When I was a child, two of the most influential people in my life were my grandparents. I loved them with every fiber of my being. They were a stable rock in my unsteady and turbulent adolescent life. They provided me with the idea of the kind, loving Christian home I wanted for myself. One might even say I idolized them a bit.
My grandma died ten years ago, and in the three weeks before her death, I found out a family truth that shattered my belief in my grandpa. It is not mine to tell, so I will not share it here. But it is a painful, horrendous thing to lose two people you love in the same stroke. Though my grandpa would go on to live for eight more years, he died in my heart, and I was not able to resurrect him, even though I could (eventually) forgive him.
I bring this personal family story up, because it mirrors a similar reckoning process in Harper Lee’s new novel, Go Set a Watchman. A LOT of people have been distressed over the dark side Lee has revealed to her much-beloved character, Atticus Finch. But the story is realistic and necessary to understanding the complexity of growing up and developing our own interior moral codes.

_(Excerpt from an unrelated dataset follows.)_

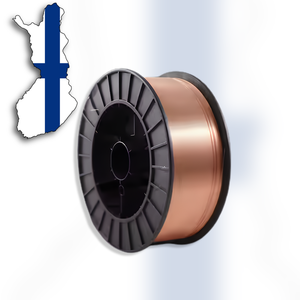 Fil de soudage MIG cuivré (AWS A5.18 ER70S-6) pour le marché finlandais : support OEM ODM, bobine et emballage en tambour - Product Image 1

I won’t spoil the story by giving anything away, but Lee’s portrayal of a young adult Jean Louise Finch and the incredible pain she experiences when she has to deal with her tin-god vision of Atticus and the real man who exists in her life is powerful and poignant. It is, I imagine, an incredibly similar process you may go through when you read this book, especially if you idolized Atticus Finch. But the frankness with which Lee approaches this narrative is important, for it brings up the complexities of racism in a different way than is depicted in To Kill a Mockingbird. I wrote on someone’s Facebook page, “This is not the novel we wanted, but I believe this is the novel we need.” While the writing lacks some of the fluidity of TKAM, it is still a worthy read, and one to which I will return in the years to come.